Google (NASDAQ:GOOG) is planning to sell Motorola Mobility’s home division, according to a Bloomberg report. Sources say that the company has hired Barclays to help it find a suitable buyer. If Google goes through with the transaction, it would be in step with its strategy of focusing on smartphones. However, we were somewhat surprised by the move, given that Motorola’s home division set-top boxes were a logical choice to be used in Google’s fiber network. In the end though, we are encouraged by the clear strategic direction that Google has in mind for Motorola – i.e. to be a maker of high-end smartphones.

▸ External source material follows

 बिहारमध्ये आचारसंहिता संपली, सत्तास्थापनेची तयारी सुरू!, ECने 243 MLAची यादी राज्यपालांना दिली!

Apple victory provides opportunity for Motorola
One of the reasons that Google bought out Motorola was to gain control of its numerous patents, allowing it to not only innovate but also protect itself from litigation. In light of Apple’s victory against Samsung (which might lead to the ban of Samsung phones in the U.S.), Motorola’s acquisition seems brilliant. With the high number of patents acquired with the purchase of Motorola, we think that Google will be able to create an innovative smartphone which won’t be subject to major litigation issues. If this smartphone gains traction in the U.S., it can help Google gain market share with its OS and can provide downside protection to the stock. Google gaining market share with its own Android phones has become more relevant recently as it will mitigate the impact of Android manufacturers such as Samsung releasing phones on a competing operating system.
Overall, we were initially surprised by rumors of Motorola’s business division sale because of the synergies that it could potentially have had with Google Fiber. But, since Mobile Ads are the company’s most valuable operating segment, we think it might be a sound move by Google to focus on smartphones for now.
We currently have a $661 price estimate for Google, which is approximately 5% below the current market price.